R. Q. – Le narrateur progresse dans une quête qu’il s’est fixée. Cette quête est lâche, irresponsable et délirante mais son application est plutôt méthodique. Donc la déraison cohabite avec une forme de logique dans le déploiement de sa folie. J’ai essayé de raconter un cerveau malade, un cerveau horrible et sombre mais qui ne manque pas de drôlerie ni de philosophie. Il s’offre au lecteur dans son plus simple appareil. De telle sorte que c’est parfois vil, parfois marrant, parfois pathétique, parfois fulgurant, parfois un peu de tout ce qui fait la complexité d’une âme. D’une âme particulière puisqu’il s’agit d’un tueur en série qui est donc par définition un homme qui se substitue à Dieu pour choisir l’heure de la mort de certains de ses congénères.
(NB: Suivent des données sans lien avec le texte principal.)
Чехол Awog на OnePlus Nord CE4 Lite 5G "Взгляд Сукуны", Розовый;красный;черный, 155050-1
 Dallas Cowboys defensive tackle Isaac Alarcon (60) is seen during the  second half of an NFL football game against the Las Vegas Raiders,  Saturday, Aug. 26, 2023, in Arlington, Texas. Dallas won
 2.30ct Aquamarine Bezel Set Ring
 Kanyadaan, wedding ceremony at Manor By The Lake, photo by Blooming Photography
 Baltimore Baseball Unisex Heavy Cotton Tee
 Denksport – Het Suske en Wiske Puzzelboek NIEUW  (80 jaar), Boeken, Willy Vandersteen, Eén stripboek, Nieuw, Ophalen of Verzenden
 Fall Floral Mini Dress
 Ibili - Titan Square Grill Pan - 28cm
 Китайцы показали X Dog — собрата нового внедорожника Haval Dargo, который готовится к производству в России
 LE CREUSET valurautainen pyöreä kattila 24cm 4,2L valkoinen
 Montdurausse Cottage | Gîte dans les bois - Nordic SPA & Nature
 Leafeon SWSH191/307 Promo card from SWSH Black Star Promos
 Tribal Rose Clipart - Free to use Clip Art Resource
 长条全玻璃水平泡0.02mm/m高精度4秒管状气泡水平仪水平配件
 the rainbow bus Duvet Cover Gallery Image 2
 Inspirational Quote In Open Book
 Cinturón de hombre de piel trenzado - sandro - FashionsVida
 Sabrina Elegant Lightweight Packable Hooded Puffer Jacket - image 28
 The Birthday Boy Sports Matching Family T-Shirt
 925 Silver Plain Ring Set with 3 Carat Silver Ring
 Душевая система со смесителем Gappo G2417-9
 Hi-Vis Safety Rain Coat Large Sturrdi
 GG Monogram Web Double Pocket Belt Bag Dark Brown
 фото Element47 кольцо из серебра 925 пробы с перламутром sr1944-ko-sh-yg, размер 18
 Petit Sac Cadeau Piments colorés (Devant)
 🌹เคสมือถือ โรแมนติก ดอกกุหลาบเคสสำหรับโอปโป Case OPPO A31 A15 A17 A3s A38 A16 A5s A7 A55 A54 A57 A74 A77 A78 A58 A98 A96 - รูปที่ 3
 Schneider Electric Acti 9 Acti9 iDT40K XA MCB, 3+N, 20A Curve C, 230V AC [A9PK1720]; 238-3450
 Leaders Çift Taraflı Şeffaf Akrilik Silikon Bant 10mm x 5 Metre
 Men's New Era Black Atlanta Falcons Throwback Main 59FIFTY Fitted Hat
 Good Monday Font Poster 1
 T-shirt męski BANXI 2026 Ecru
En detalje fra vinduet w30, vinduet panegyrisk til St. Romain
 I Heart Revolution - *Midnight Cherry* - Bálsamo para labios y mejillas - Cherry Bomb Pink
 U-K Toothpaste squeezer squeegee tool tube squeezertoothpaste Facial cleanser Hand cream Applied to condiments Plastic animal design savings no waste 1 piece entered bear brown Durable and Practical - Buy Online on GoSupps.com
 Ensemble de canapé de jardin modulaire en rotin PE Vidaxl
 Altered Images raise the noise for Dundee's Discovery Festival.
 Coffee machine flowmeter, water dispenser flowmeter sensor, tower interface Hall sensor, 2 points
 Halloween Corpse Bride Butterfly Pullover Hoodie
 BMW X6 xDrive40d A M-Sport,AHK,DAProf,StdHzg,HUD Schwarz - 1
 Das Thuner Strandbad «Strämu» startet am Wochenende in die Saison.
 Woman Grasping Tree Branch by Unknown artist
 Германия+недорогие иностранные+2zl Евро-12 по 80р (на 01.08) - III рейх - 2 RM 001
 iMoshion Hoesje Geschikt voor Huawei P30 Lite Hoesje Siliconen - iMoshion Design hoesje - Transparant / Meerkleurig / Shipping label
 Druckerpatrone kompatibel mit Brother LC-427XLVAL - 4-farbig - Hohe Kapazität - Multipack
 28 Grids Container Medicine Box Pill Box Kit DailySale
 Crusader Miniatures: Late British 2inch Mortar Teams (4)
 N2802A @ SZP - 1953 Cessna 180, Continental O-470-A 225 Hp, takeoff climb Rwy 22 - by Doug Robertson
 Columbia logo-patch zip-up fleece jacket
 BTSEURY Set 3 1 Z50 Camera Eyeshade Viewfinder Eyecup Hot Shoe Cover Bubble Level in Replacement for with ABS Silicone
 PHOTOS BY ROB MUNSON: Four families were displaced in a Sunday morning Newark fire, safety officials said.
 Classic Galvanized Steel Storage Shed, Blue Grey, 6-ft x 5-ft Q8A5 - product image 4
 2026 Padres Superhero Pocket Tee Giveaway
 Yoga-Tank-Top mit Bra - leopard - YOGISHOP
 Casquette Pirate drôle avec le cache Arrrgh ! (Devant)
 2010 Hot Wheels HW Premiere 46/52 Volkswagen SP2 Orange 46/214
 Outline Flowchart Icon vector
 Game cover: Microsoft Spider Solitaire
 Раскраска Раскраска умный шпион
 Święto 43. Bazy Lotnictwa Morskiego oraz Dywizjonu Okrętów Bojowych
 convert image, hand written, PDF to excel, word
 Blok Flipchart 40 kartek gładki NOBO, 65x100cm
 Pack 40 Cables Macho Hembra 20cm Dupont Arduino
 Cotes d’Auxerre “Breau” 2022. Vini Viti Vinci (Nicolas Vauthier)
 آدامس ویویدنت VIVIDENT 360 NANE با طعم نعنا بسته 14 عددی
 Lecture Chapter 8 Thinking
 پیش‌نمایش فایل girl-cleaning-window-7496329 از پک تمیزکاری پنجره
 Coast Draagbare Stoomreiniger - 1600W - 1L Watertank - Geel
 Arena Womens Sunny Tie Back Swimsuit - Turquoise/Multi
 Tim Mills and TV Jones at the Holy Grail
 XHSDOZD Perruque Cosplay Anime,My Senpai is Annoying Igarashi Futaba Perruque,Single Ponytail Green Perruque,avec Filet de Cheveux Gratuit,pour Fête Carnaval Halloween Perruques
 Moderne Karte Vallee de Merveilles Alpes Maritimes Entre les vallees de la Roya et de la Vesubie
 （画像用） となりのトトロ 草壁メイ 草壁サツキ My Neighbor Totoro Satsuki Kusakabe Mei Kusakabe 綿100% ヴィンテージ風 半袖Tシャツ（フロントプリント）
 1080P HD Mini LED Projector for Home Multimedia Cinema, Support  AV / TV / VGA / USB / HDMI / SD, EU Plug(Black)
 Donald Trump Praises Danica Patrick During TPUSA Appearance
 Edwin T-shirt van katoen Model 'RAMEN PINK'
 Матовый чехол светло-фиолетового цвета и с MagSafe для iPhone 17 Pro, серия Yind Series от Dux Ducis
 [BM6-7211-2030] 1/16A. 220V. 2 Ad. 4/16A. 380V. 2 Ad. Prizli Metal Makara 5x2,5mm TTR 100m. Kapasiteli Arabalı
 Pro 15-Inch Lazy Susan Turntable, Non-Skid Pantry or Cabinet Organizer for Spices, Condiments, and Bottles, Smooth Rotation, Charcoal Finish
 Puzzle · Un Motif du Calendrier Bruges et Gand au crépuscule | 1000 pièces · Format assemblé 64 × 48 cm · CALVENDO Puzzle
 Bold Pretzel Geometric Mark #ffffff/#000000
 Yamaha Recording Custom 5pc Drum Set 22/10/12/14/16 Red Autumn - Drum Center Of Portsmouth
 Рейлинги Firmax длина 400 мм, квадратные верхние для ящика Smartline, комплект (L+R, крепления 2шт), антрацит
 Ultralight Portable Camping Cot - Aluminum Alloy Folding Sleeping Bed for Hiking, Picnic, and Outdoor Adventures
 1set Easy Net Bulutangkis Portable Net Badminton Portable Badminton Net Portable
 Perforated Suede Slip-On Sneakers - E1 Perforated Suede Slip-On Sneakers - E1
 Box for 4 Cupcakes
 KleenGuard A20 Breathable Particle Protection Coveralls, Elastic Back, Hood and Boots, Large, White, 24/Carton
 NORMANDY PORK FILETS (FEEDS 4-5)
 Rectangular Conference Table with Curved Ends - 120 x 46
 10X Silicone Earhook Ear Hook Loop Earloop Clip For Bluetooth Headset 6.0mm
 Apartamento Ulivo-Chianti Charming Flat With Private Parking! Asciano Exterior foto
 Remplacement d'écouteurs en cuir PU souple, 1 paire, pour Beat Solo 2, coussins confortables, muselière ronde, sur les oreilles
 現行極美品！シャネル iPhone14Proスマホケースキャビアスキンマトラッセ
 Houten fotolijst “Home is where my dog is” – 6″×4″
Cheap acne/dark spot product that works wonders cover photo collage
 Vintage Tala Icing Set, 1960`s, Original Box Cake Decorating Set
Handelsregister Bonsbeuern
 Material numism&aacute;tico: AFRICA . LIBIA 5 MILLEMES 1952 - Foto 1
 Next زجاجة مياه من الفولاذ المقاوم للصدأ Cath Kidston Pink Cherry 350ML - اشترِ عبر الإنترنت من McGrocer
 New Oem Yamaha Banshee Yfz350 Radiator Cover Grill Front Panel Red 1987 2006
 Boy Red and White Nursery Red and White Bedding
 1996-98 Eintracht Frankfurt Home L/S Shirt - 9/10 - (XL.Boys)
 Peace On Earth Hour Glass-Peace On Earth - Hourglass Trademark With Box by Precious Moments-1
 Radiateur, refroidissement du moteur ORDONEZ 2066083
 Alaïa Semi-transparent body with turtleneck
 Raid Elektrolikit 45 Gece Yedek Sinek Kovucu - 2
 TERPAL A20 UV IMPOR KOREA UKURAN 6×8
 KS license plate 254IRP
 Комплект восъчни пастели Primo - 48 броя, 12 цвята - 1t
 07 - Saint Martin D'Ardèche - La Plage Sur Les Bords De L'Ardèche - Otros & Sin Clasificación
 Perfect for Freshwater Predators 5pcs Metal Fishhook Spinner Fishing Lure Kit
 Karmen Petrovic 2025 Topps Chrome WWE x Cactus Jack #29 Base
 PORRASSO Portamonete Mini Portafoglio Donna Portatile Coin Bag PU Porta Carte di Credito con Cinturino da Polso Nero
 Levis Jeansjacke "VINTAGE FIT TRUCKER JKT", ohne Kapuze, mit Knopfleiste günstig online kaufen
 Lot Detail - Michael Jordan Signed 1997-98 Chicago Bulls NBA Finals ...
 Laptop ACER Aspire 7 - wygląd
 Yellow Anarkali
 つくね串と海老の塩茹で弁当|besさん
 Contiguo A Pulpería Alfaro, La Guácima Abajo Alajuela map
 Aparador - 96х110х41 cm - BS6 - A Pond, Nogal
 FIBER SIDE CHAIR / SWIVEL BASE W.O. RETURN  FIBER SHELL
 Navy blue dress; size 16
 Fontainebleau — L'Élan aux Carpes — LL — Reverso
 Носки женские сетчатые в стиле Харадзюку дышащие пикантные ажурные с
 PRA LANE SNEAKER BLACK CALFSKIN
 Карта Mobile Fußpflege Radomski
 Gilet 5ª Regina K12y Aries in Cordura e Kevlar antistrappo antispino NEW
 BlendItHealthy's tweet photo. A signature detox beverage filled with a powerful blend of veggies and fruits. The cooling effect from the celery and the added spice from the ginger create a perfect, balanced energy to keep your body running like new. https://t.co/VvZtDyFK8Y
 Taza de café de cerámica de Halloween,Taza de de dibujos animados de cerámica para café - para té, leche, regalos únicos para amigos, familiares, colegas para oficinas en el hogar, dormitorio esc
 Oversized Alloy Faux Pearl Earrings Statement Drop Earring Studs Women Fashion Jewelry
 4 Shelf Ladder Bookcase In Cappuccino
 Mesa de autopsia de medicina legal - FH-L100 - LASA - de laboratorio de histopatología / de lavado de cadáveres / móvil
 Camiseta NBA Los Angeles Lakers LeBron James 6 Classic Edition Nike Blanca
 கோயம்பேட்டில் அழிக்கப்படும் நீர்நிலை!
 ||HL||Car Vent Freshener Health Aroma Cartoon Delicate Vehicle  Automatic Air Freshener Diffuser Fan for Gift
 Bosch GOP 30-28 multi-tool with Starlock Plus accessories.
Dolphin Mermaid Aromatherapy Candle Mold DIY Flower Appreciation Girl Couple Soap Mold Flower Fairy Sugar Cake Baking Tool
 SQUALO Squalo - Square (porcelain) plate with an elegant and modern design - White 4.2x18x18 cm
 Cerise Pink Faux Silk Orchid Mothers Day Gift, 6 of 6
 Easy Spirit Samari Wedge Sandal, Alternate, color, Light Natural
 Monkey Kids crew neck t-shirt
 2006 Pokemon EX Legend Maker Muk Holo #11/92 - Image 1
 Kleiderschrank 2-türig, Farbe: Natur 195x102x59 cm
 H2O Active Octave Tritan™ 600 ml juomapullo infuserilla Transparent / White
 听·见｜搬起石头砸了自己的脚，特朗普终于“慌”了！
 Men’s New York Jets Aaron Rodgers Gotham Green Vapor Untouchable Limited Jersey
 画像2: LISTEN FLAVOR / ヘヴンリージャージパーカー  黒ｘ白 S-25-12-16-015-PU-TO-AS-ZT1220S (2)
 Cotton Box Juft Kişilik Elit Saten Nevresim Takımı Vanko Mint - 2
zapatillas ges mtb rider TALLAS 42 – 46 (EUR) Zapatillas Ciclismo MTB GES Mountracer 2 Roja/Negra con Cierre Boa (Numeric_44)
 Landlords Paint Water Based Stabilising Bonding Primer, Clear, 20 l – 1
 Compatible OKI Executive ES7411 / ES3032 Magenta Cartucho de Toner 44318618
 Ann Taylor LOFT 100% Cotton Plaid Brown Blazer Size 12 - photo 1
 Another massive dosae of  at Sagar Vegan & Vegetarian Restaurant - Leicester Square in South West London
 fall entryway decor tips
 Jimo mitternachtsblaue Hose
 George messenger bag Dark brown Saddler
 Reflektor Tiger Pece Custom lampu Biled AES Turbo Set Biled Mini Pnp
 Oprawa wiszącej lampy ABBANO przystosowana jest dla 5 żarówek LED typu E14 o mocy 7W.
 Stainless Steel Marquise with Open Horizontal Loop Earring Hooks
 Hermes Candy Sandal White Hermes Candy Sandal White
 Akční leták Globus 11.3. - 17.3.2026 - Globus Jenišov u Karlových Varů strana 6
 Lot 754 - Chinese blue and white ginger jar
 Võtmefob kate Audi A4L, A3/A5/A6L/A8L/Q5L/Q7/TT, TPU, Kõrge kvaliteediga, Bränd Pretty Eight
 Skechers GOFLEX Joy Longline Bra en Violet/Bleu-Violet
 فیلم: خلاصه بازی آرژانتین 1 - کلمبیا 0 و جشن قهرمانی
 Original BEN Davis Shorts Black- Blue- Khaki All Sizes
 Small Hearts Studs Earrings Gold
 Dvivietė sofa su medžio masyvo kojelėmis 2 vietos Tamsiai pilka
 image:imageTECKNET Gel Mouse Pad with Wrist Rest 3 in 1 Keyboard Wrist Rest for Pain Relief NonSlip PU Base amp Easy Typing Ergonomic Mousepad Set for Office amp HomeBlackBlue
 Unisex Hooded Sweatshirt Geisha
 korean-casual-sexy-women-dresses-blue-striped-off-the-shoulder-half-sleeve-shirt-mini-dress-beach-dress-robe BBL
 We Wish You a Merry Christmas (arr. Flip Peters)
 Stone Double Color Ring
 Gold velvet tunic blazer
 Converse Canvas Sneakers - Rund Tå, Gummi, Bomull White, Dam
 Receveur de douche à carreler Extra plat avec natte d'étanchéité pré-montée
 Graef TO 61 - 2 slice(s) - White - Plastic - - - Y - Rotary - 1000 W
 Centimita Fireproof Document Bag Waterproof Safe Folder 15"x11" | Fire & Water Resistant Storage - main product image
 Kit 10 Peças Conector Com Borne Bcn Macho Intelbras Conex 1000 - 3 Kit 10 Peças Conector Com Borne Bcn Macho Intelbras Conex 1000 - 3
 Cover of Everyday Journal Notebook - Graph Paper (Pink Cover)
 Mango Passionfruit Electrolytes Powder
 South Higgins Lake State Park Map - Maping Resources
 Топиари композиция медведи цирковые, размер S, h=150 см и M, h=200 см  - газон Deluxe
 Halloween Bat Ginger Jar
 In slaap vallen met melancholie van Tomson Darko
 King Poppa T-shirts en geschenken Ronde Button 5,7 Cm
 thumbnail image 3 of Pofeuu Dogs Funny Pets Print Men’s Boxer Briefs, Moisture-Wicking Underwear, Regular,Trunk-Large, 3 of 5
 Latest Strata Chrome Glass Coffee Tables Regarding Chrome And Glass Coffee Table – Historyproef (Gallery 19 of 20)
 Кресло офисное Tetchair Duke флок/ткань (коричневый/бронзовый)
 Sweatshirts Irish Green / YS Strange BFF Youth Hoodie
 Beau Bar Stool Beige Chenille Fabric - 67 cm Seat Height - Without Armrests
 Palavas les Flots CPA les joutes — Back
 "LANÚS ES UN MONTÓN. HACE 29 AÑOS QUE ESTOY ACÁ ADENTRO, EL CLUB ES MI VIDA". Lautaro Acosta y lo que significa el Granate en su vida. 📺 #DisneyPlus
Le narrateur sort de prison, traînant sa carcasse cabossée et ses mots en feu dans un monde qui ne veut plus de lui. Il décide de faire justice à sa manière, en s’en prenant aux femmes qu’il tient pour responsables. Clamser à Tataouine est un cri. Celui d’un laissé-pour-compte qui crache sa vie dans une langue taillée à la serpe. Entre aveux détraqués et rêveries fêlées, le roman suit la dérive d’un homme brisé, drôle malgré lui, poète sans le vouloir. Loin de toute bienséance, Quenard forge une voix, un rythme, une matière verbale indocile. Un roman qui mord, qui saigne et dont chaque phrase refuse de s’excuser d’exister.